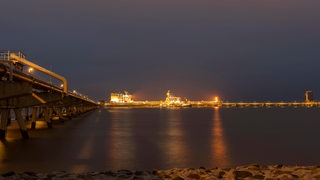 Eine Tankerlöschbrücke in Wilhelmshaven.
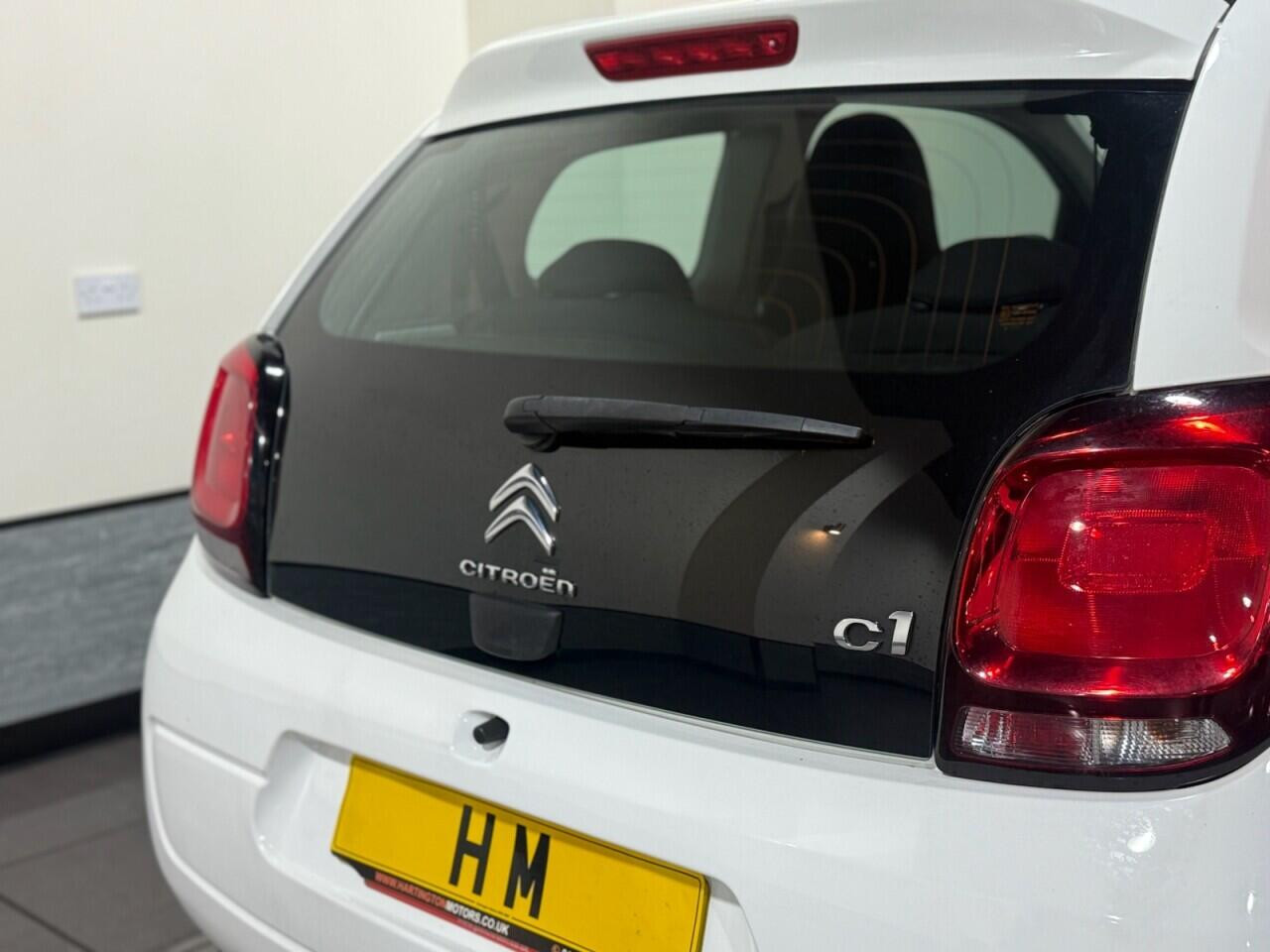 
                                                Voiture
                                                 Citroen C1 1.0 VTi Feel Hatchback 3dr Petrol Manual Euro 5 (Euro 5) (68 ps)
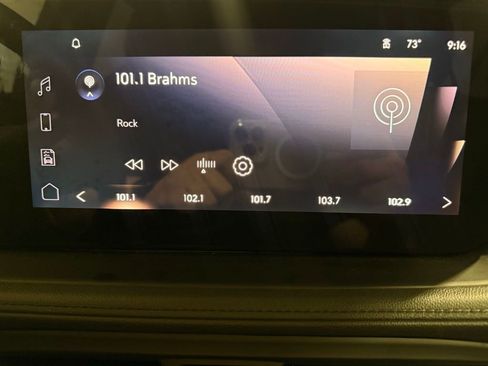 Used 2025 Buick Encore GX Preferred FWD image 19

**What is being asked**
Starting with the line that holds "Citroen C1 1.0", transcribe exactly each line through the last one of the material above, and nothing else. Do not include pictures.

**Finished task**
                                                 Citroen C1 1.0 VTi Feel Hatchback 3dr Petrol Manual Euro 5 (Euro 5) (68 ps)
 Used 2025 Buick Encore GX Preferred FWD image 19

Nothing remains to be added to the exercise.